SQL Server 2005 was a game changer, and the first “enterprise-ready” version of SQL Server, in my opinion. There were lots of changes to T-SQL which, unfortunately, delayed many upgrades from 2000 for years. There was more focus on business intelligence with the SSIS, SSAS, and SSRS components. DBAs could now understand more about what was going on “under the hood” with the new system views and DMVs (dynamic management views), and understanding internals was an important skill. Many shops also took advantage of the new Database Mirroring feature for high availability and disaster recovery.

Encryption, compression, and Extended Events were the exciting features of 2008. It was around that time that some shops started thinking about virtualizing SQL Server. There was resistance at first, but now it’s unusual to see SQL Server running on dedicated hardware. Releases of on-premises SQL Server have appeared at least every two years after 2008. There have been a dizzying number of features added or improved since then. The 2008 R2 version, released in 2010, is still used in many shops, but the most compelling feature was probably PowerPivot.
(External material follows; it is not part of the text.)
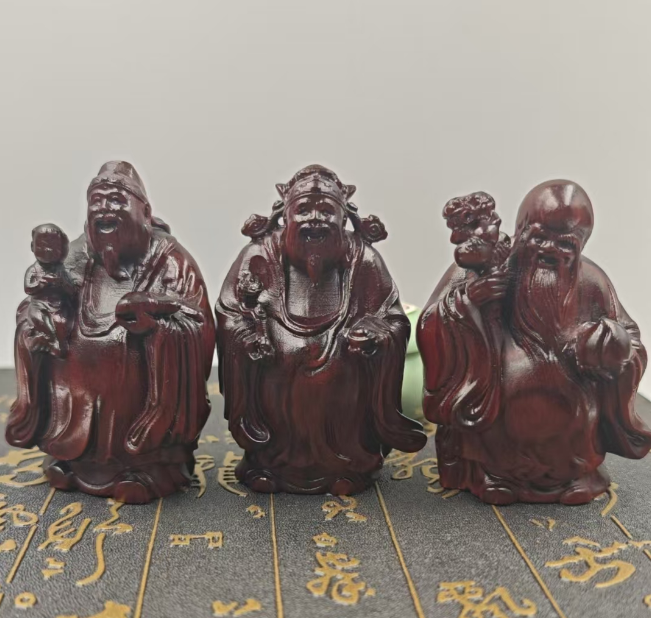紫檀木福禄寿一套摆件手把件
New T-SQL features, Column Store indexes, and Always On Availability Groups were exciting features of SQL Server 2012, while In-Memory OLTP was the hottest feature of 2014. SQL Server 2016 supported the R language giving the ability to run advanced analytics applications without importing data to the client. Many database professionals were starting learning R and data science. DBAs also started thinking about data in the cloud as this version supported a feature called Stretch Databases that allows storing a portion of a table’s rows in Azure SQL Database. Query Store, JSON support, PolyBase, Mobile Reports and more proved that 2016 had a lot to offer, and database professionals had a lot to learn.

SQL Server 2017 is the latest and greatest version available with 2019 on the horizon. Query tuning is evolving as the first adaptive query processing features were released in 2017 with even more coming in 2019. Today’s DBA needs to learn about containers and (gasp!) SQL Server on Linux. Understanding cloud computing is even more critical for DBAs as many companies take advantage of Azure and AWS.

SQL Server has changed quite a bit over the years, and database professionals have changed as well.